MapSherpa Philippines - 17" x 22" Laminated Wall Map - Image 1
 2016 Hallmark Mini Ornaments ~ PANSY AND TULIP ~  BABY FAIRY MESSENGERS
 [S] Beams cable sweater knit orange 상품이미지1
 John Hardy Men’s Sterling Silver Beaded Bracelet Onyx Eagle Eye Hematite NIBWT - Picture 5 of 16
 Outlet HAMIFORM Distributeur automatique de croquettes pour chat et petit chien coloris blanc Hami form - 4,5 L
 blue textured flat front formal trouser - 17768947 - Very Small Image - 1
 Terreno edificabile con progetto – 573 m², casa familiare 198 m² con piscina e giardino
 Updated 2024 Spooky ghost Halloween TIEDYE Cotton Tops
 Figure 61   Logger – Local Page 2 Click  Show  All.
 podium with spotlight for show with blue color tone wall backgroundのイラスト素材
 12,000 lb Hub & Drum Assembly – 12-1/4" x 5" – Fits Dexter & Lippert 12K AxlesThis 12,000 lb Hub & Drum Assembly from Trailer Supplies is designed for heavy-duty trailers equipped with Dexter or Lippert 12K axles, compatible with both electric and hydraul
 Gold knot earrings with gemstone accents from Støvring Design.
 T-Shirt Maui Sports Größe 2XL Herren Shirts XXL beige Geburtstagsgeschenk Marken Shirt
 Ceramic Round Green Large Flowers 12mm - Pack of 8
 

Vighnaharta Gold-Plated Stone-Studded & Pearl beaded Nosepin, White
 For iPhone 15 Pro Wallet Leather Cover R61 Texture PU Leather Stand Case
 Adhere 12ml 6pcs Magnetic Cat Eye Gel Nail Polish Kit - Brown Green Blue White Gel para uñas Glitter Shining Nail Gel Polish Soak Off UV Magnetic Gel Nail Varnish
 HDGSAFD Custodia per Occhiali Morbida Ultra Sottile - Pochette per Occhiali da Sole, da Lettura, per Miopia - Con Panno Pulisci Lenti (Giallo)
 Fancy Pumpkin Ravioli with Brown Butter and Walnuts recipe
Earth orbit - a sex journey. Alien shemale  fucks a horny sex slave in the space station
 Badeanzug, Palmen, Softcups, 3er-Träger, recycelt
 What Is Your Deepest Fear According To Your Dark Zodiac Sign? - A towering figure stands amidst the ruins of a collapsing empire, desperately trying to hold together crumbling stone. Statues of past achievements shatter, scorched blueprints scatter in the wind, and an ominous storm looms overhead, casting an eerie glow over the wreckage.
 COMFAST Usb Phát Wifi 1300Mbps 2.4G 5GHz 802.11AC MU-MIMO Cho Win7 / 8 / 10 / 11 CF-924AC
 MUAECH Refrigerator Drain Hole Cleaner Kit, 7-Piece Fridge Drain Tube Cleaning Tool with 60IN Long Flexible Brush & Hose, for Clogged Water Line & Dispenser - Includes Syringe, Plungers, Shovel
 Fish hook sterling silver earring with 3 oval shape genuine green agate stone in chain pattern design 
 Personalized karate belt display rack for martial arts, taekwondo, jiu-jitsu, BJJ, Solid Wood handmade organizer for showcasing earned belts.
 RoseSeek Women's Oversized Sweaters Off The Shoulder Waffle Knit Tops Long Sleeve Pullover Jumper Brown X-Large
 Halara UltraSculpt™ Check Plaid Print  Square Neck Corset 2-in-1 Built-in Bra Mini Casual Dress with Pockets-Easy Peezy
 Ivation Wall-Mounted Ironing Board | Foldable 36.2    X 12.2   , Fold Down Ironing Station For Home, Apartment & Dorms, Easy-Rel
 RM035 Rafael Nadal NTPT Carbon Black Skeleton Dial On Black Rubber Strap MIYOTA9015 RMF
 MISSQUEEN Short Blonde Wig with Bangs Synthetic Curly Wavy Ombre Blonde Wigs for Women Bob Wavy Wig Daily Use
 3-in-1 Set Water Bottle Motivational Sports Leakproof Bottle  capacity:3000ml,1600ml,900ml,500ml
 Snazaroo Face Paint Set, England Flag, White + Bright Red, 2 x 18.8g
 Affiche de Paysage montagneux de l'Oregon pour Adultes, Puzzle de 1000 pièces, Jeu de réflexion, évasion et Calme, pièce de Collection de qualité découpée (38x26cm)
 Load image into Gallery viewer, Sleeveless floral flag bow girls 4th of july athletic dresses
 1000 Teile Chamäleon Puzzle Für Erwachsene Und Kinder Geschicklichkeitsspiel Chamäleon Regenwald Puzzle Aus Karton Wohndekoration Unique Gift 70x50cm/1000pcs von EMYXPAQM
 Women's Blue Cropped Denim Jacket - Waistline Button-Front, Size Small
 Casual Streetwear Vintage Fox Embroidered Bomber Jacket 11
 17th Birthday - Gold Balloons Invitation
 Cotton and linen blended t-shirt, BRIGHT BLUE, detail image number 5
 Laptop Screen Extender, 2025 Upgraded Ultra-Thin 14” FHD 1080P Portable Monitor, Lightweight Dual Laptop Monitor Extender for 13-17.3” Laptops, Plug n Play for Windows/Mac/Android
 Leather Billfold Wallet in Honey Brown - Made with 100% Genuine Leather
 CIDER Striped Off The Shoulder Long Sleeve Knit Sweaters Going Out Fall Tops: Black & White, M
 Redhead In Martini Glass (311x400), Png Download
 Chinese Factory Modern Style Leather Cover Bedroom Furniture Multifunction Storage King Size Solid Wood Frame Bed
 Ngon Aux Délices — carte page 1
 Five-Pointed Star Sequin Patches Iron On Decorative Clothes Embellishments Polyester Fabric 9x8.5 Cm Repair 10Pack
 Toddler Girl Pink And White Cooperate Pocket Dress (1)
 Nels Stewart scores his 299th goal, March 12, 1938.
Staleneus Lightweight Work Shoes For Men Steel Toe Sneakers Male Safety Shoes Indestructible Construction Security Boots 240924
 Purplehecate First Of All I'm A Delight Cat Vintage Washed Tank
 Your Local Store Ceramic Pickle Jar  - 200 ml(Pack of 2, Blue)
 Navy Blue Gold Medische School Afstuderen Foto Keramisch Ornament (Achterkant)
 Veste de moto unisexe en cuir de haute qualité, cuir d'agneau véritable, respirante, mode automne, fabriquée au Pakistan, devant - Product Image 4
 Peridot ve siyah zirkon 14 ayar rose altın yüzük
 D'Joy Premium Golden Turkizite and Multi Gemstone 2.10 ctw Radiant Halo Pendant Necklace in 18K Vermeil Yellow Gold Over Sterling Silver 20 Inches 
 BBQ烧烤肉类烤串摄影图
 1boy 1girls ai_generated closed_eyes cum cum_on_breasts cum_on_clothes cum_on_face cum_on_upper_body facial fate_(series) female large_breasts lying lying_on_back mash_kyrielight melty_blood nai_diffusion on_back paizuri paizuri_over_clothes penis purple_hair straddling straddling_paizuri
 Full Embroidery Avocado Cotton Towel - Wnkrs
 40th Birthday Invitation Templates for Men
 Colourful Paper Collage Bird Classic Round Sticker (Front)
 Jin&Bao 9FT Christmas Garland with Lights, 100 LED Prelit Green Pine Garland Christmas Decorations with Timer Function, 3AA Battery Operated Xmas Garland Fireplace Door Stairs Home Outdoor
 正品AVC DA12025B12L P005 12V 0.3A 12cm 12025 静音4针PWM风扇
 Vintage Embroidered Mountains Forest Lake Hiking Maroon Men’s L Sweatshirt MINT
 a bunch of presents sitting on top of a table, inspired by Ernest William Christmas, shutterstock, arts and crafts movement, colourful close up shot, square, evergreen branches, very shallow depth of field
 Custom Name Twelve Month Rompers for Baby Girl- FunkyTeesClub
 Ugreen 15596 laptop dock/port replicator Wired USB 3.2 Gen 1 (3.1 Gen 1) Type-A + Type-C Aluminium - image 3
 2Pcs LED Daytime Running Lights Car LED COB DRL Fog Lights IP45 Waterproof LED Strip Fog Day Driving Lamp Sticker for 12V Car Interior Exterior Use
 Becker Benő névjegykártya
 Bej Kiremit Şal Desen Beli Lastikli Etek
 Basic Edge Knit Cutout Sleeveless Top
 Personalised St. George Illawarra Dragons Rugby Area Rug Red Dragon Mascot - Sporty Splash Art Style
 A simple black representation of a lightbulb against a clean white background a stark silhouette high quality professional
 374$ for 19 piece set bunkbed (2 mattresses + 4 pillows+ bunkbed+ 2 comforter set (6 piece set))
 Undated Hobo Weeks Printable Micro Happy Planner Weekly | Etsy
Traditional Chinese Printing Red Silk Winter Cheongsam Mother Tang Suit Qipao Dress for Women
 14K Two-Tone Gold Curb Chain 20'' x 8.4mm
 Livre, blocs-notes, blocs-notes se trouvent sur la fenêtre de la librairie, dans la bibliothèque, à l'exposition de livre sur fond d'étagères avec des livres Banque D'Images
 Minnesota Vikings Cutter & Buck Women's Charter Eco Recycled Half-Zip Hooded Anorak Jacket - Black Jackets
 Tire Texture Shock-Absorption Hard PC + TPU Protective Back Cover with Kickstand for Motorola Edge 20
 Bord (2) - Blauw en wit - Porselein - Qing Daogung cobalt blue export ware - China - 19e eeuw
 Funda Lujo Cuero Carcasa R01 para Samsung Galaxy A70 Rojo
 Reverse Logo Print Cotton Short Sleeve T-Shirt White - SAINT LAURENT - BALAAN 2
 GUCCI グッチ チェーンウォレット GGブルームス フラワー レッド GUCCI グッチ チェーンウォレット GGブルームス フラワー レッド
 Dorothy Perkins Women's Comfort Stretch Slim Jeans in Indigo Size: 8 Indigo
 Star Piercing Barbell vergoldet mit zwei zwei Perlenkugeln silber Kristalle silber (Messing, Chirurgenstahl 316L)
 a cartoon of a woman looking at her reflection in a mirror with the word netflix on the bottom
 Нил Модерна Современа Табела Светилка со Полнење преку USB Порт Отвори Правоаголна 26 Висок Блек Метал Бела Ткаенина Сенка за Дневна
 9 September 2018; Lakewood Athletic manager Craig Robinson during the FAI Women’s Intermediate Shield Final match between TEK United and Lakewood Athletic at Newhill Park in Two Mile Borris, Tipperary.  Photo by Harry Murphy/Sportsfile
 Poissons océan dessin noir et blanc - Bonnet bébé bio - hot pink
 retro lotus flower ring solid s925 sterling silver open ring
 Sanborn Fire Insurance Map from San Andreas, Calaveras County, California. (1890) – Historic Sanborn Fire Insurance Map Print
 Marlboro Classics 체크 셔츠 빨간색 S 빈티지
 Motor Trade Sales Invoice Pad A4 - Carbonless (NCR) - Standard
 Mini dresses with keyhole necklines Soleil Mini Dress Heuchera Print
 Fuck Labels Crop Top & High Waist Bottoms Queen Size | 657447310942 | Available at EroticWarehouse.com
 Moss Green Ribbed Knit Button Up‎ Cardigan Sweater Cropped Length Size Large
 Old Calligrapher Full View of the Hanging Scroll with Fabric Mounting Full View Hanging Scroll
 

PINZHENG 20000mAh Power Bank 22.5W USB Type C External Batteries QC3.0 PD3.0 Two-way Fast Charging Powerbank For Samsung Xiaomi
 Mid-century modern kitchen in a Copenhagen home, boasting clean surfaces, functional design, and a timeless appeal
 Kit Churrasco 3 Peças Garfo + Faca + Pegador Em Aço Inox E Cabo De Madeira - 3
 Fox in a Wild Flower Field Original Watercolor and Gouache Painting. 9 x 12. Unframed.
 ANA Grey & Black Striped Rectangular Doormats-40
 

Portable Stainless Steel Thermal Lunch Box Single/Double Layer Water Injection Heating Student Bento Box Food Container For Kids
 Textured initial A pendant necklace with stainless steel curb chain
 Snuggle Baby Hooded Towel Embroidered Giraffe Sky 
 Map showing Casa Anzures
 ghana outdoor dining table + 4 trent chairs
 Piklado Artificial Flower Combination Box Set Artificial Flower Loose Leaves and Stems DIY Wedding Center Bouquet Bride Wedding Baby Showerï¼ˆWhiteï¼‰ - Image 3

....

• _WORK TO BE COMPLETED_:
Go through the material above and output exactly the lines from the one containing "MISSQUEEN Short Blonde" through the one containing "Navy Blue Gold".

• _YOUR RESPONSE_:
 MISSQUEEN Short Blonde Wig with Bangs Synthetic Curly Wavy Ombre Blonde Wigs for Women Bob Wavy Wig Daily Use
 3-in-1 Set Water Bottle Motivational Sports Leakproof Bottle  capacity:3000ml,1600ml,900ml,500ml
 Snazaroo Face Paint Set, England Flag, White + Bright Red, 2 x 18.8g
 Affiche de Paysage montagneux de l'Oregon pour Adultes, Puzzle de 1000 pièces, Jeu de réflexion, évasion et Calme, pièce de Collection de qualité découpée (38x26cm)
 Load image into Gallery viewer, Sleeveless floral flag bow girls 4th of july athletic dresses
 1000 Teile Chamäleon Puzzle Für Erwachsene Und Kinder Geschicklichkeitsspiel Chamäleon Regenwald Puzzle Aus Karton Wohndekoration Unique Gift 70x50cm/1000pcs von EMYXPAQM
 Women's Blue Cropped Denim Jacket - Waistline Button-Front, Size Small
 Casual Streetwear Vintage Fox Embroidered Bomber Jacket 11
 17th Birthday - Gold Balloons Invitation
 Cotton and linen blended t-shirt, BRIGHT BLUE, detail image number 5
 Laptop Screen Extender, 2025 Upgraded Ultra-Thin 14” FHD 1080P Portable Monitor, Lightweight Dual Laptop Monitor Extender for 13-17.3” Laptops, Plug n Play for Windows/Mac/Android
 Leather Billfold Wallet in Honey Brown - Made with 100% Genuine Leather
 CIDER Striped Off The Shoulder Long Sleeve Knit Sweaters Going Out Fall Tops: Black & White, M
 Redhead In Martini Glass (311x400), Png Download
 Chinese Factory Modern Style Leather Cover Bedroom Furniture Multifunction Storage King Size Solid Wood Frame Bed
 Ngon Aux Délices — carte page 1
 Five-Pointed Star Sequin Patches Iron On Decorative Clothes Embellishments Polyester Fabric 9x8.5 Cm Repair 10Pack
 Toddler Girl Pink And White Cooperate Pocket Dress (1)
 Nels Stewart scores his 299th goal, March 12, 1938.
Staleneus Lightweight Work Shoes For Men Steel Toe Sneakers Male Safety Shoes Indestructible Construction Security Boots 240924
 Purplehecate First Of All I'm A Delight Cat Vintage Washed Tank
 Your Local Store Ceramic Pickle Jar  - 200 ml(Pack of 2, Blue)
 Navy Blue Gold Medische School Afstuderen Foto Keramisch Ornament (Achterkant)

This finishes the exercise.